In my home town I started a dual diagnosis group (for this with substance abuse and mental illness) and I wanted it to be based on DBT (Dialectical Behavioral Therapy) as I think its unique and can offer help in ways AA cannot. To start this program I spent a manic winter reading DBT books. I’ve found this book to be the most approachable and after almost a year of running the program I’ve found other agree. Good luck and good skill, I will not drink with you today. Remember to take your meds
When you read up on the history of AA, the original “higher power” was psychoactives:
https://www.inverse.com/mind-body/alcoholics-anonymous-lsd-bill-wilson
That lead to AA, but what actually “cured” Bill W was LSD, because it messes with pattern recognition in our brains and can literally “break” the cycle of dependency.
But by that point AA was already up and running and in control it other people. People who didn’t want a permanent cure. They wanted lifelong members to the program.
Modern AA won’t fix the underlying reason people abuse alcohol, it just replaces alcohol with the meetings.

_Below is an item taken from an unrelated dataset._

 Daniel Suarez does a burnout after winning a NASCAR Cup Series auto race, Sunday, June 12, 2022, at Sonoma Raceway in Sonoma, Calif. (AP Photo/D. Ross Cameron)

The root problem is depression, and depression is a rational response to modern society, because modern society is fucked.

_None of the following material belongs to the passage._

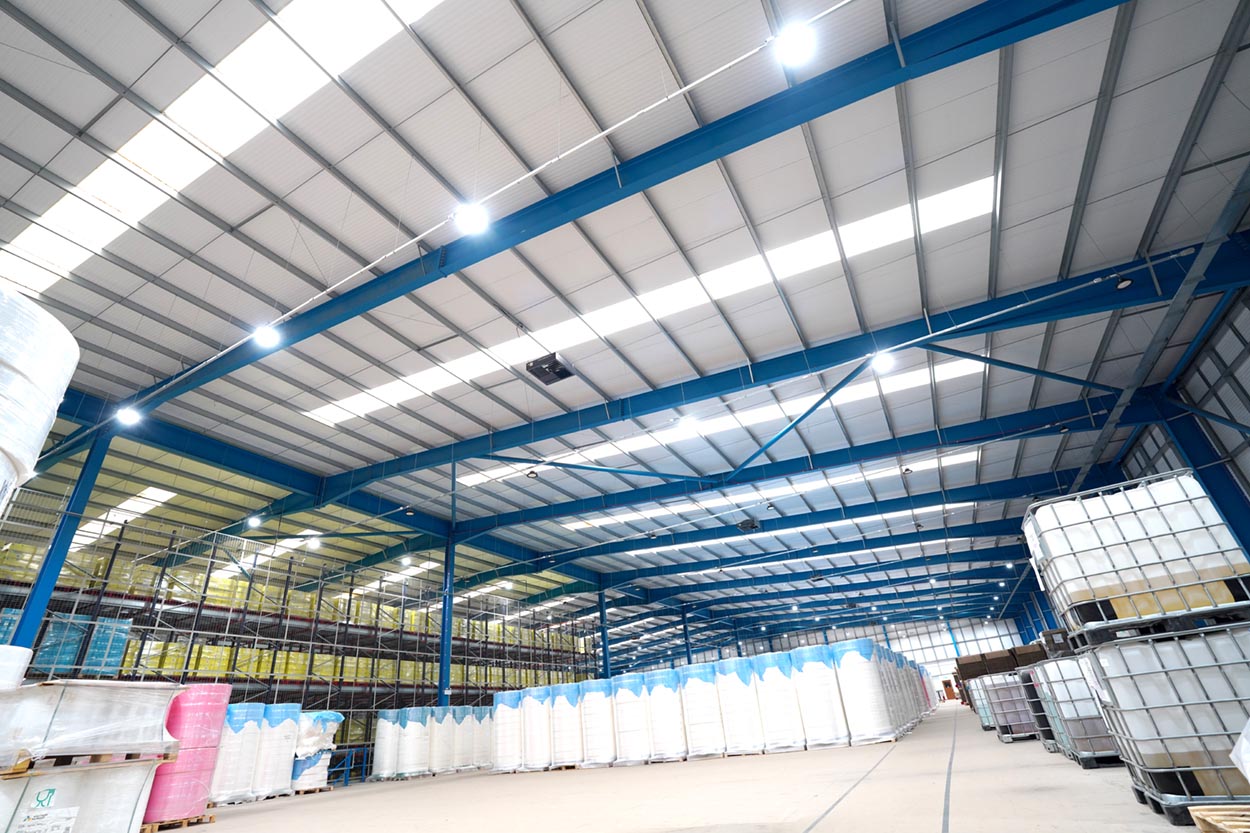 Large industrial warehouse interior with blue steel beams, bright lights, and neatly stacked white and colored pallets and containers.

I think I agree to some extent, but I do think that AA can help in a way that’s helpful. There is value in any form of sobriety and if AA does replace the alcohol it does allow the brain time to rewrite neuro pathways. Obviously I agree that AA is lacking in it’s breadth of working on the underlying issues such as trauma and mental health. I however find that my standpoint is if something is working for someone and is helping their life get better I’m not going to tell them they’re doing sobriety wrong.